**REQUIRED WORK:** The records that follow are to be given again exactly, with their pictures omitted.

**RECORDS SHOWN:**
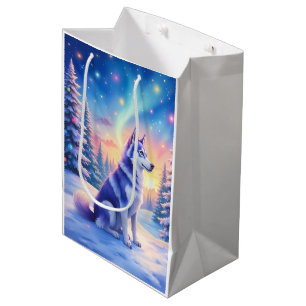Siberian Husky Northern Lights Christmas Winter Medium Gift Bag
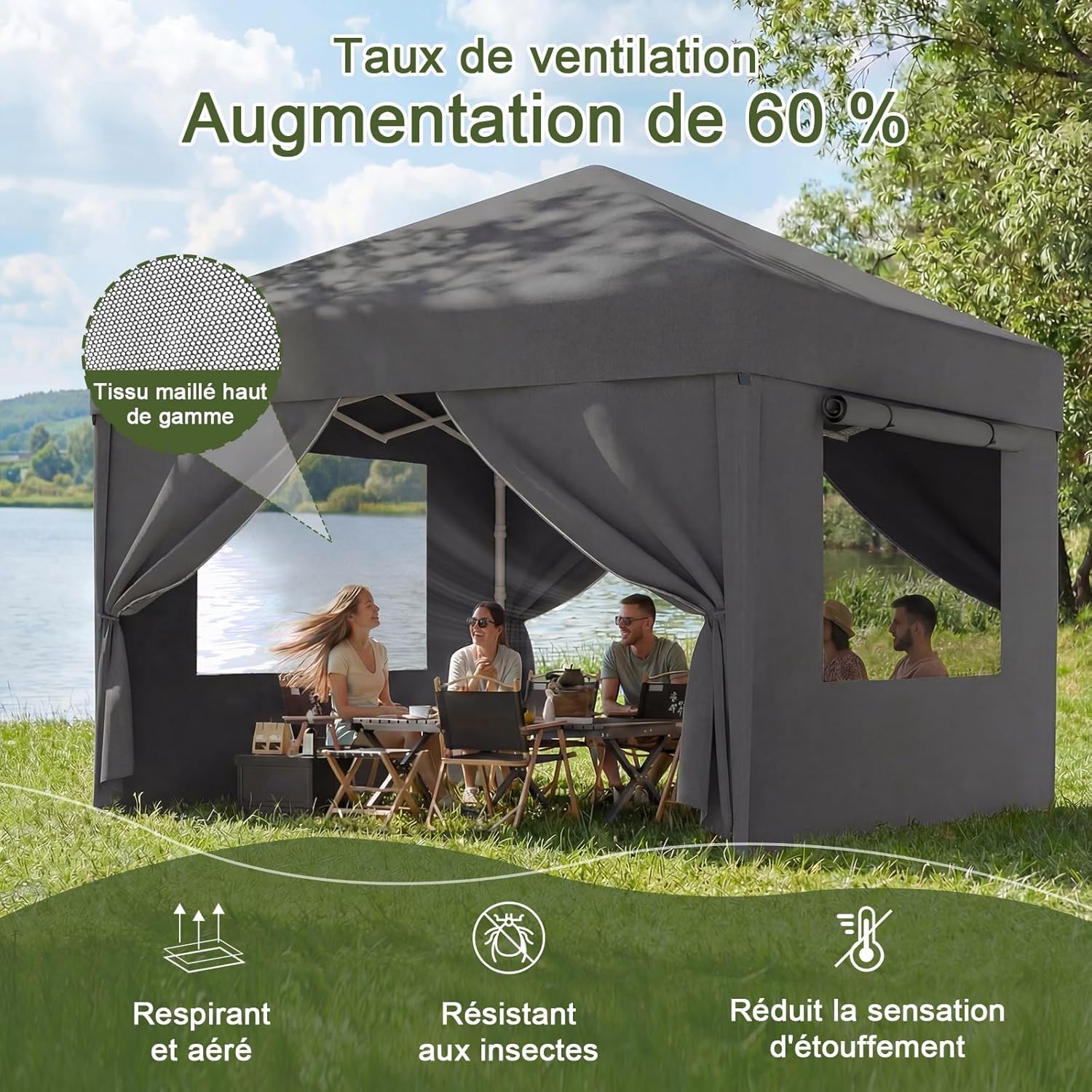 Devoko - tonnelle pliante 3x3m - imperméable, moustiquaire, UV50+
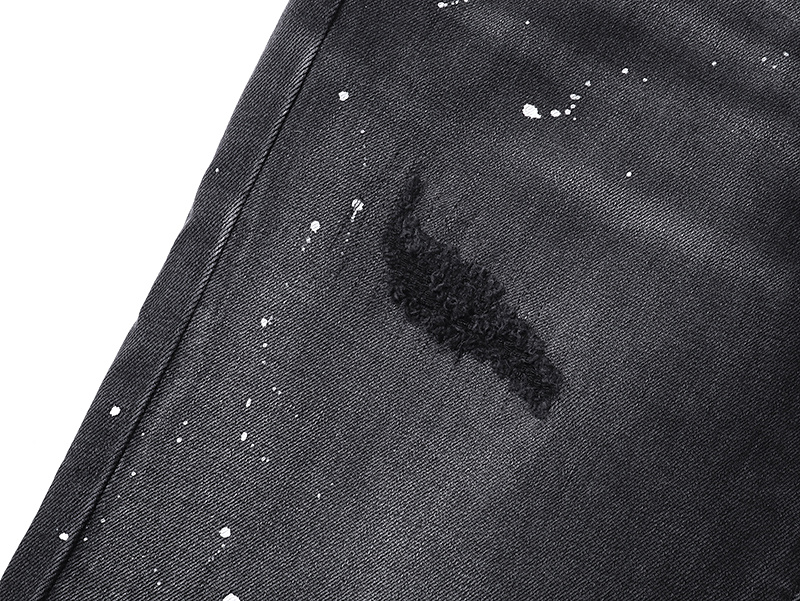 Purple Brand Washed Distressed Bootcut Denim Jeans Black PU711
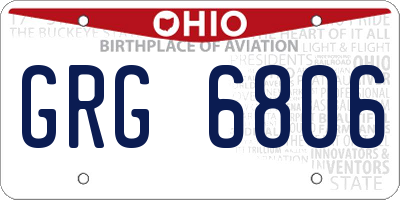 OH license plate GRG6806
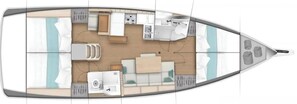 A boat interior with a dining area, kitchen, and a seating area.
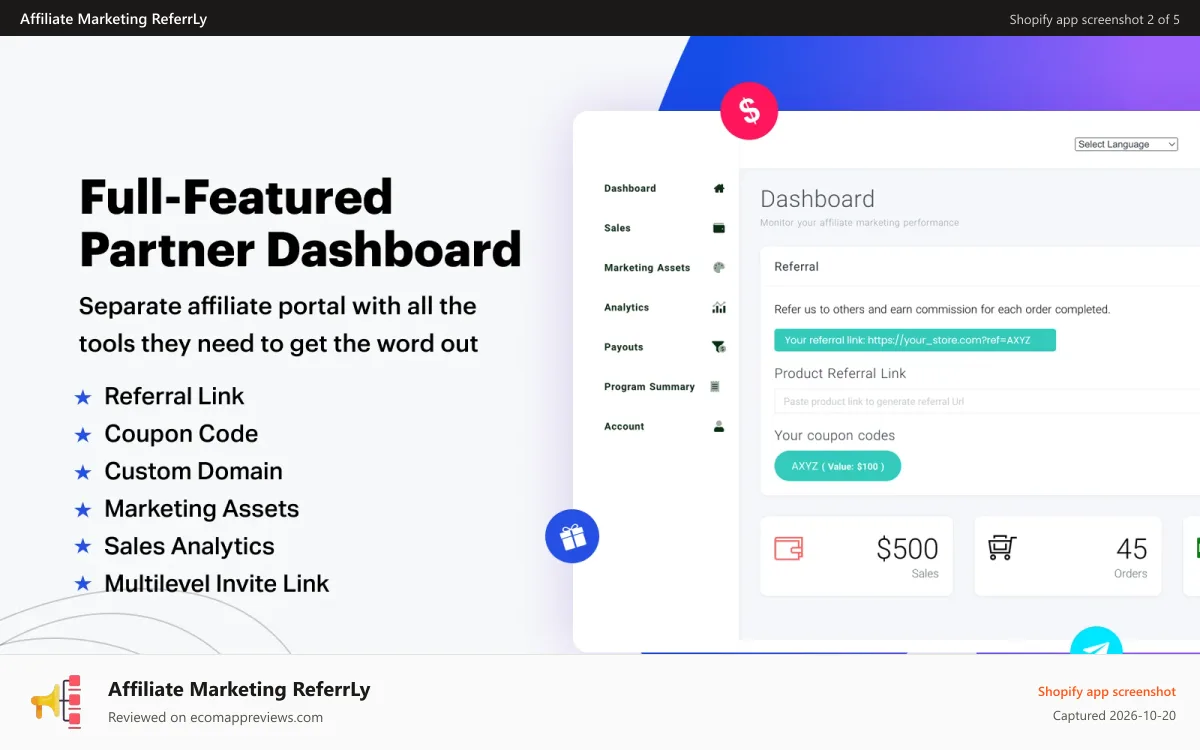 Affiliate Marketing ReferrLy Shopify app screenshot: Partner Dashboard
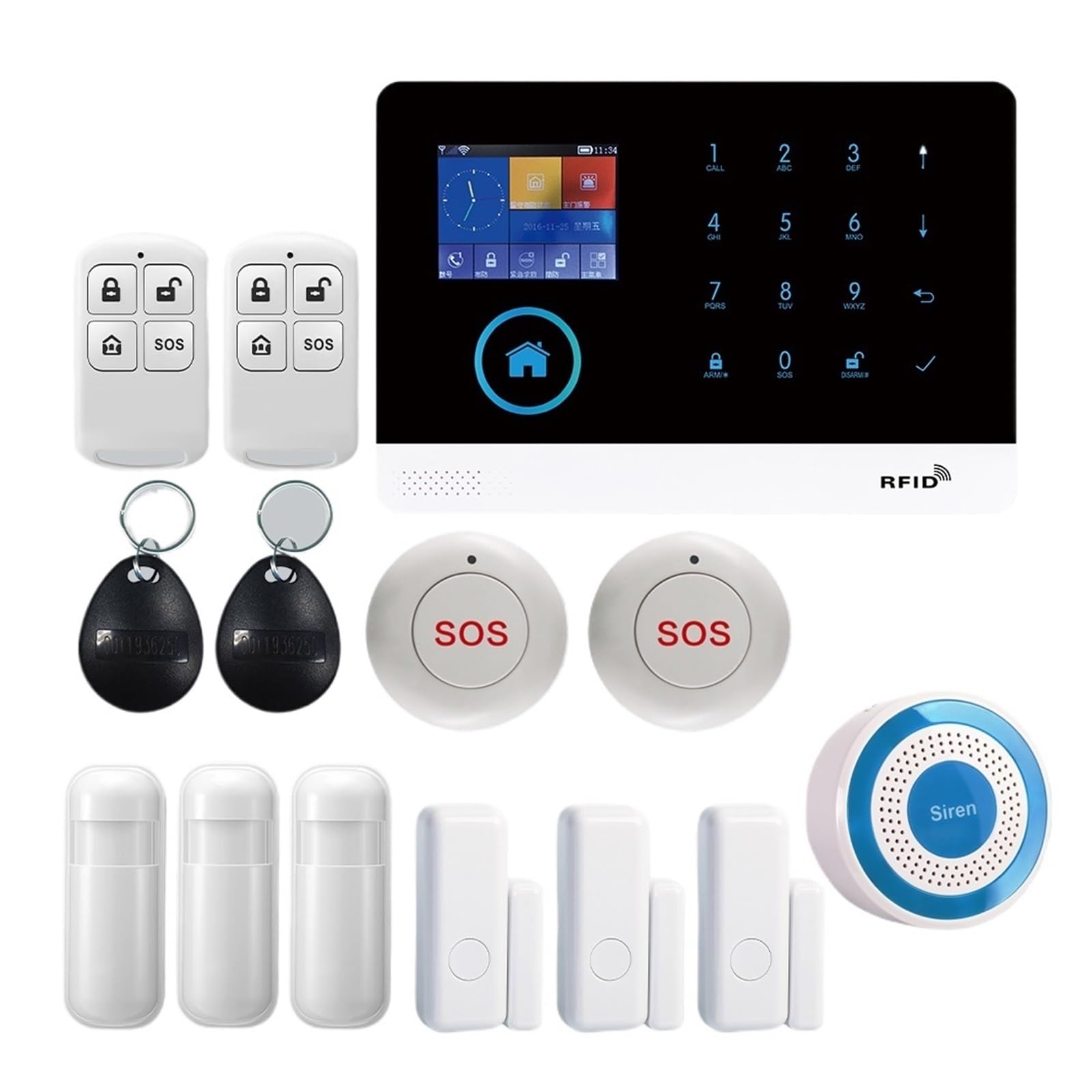 Sistemi Allarme Casa Di Allarme SOS GSM WIFI Sicurezza Domestica Senza Fili Con Telecomando APP Disinserimento Del Braccio Della Scheda RFID Fotocamera(PG103-2G-H.)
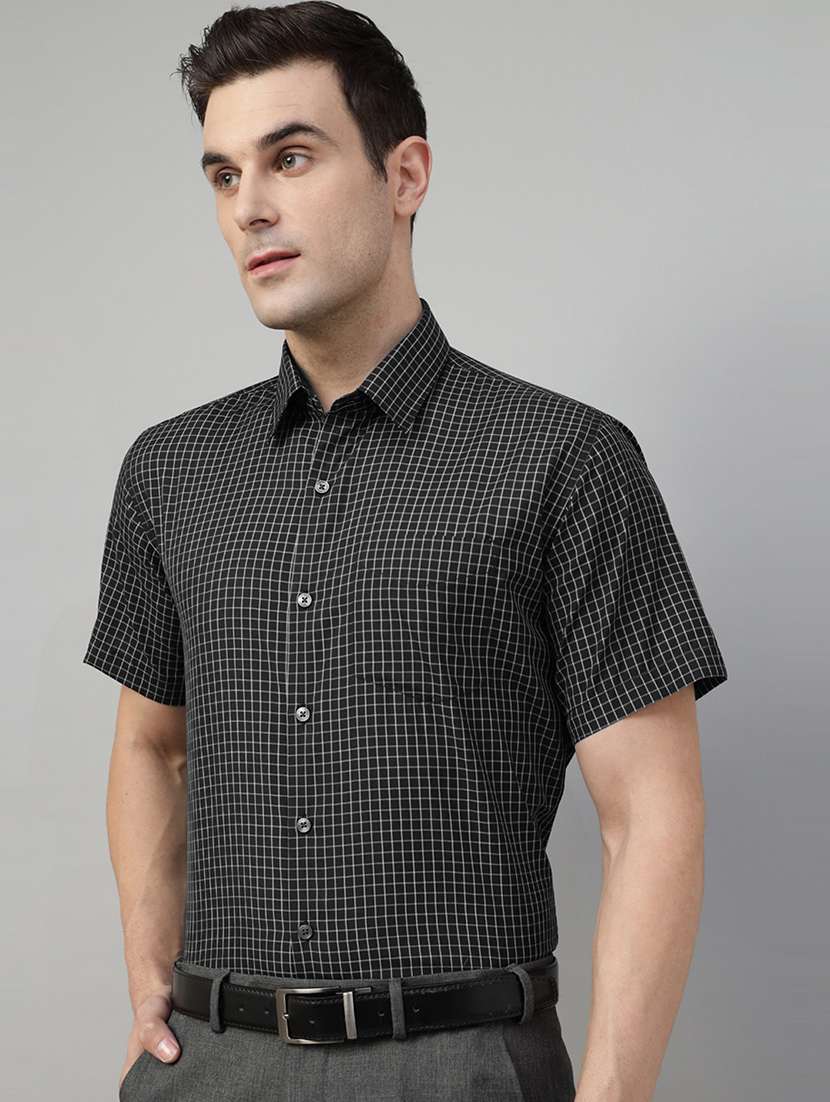 men collared short sleeve regular fit shirt - 22039620 -  Zoom Image - 0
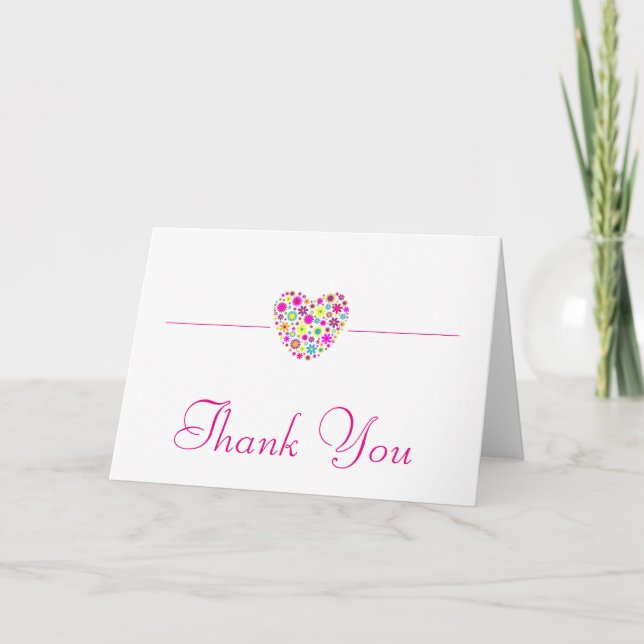 Colorful Floral Heart Shape Thank You Card (Front)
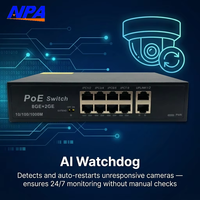 Switch PoE AI 8 ports 8GE+2GE Gigabit 1000Mbps 6KV Protection contre la foudre 250m AI Watchdog 22Gbps QoS pour caméra IP CCTV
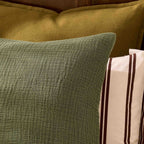 Dusklia - Savannah Set of 2 Tufted Muslin Cushion Covers - Olive Green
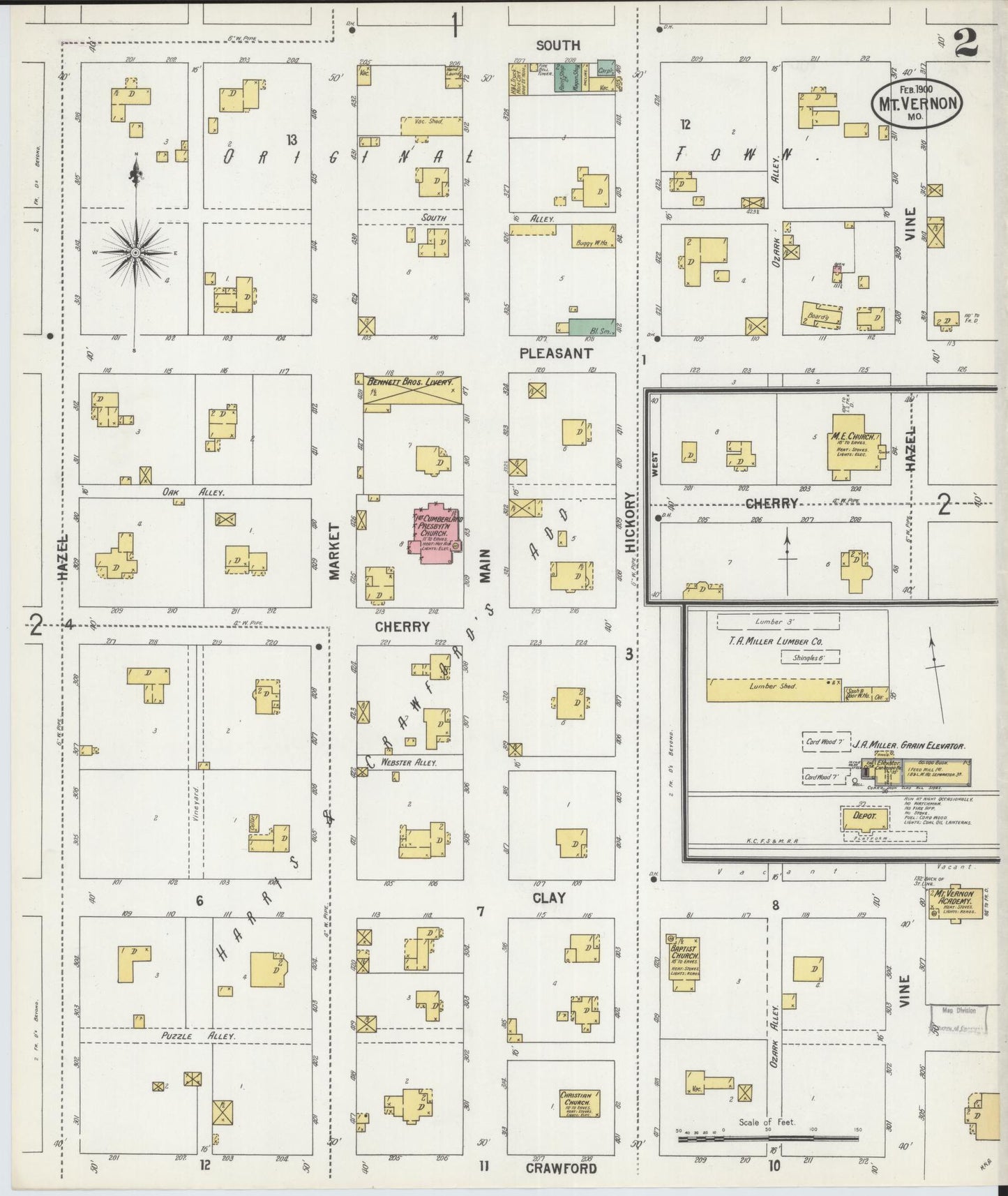 Sanborn Fire Insurance Map from Mount Vernon, Lawrence County, Missouri (1900), Sheet #0002 - Complete Map Set gallery image, historic Sanborn map, vintage wall art, Missouri Missouri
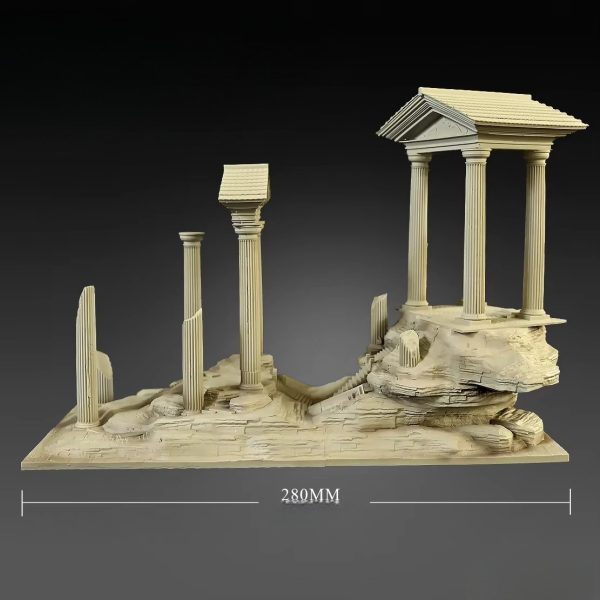 Déco aquarium résine ruines romaines antiques, beige, pour bac 400x300mm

**FINISHED TASK:**
Siberian Husky Northern Lights Christmas Winter Medium Gift Bag
 Devoko - tonnelle pliante 3x3m - imperméable, moustiquaire, UV50+
 Purple Brand Washed Distressed Bootcut Denim Jeans Black PU711
 OH license plate GRG6806
 A boat interior with a dining area, kitchen, and a seating area.
 Affiliate Marketing ReferrLy Shopify app screenshot: Partner Dashboard
 Sistemi Allarme Casa Di Allarme SOS GSM WIFI Sicurezza Domestica Senza Fili Con Telecomando APP Disinserimento Del Braccio Della Scheda RFID Fotocamera(PG103-2G-H.)
 men collared short sleeve regular fit shirt - 22039620 -  Zoom Image - 0
 Colorful Floral Heart Shape Thank You Card (Front)
 Switch PoE AI 8 ports 8GE+2GE Gigabit 1000Mbps 6KV Protection contre la foudre 250m AI Watchdog 22Gbps QoS pour caméra IP CCTV
 Dusklia - Savannah Set of 2 Tufted Muslin Cushion Covers - Olive Green
 Sanborn Fire Insurance Map from Mount Vernon, Lawrence County, Missouri (1900), Sheet #0002 - Complete Map Set gallery image, historic Sanborn map, vintage wall art, Missouri Missouri
 Déco aquarium résine ruines romaines antiques, beige, pour bac 400x300mm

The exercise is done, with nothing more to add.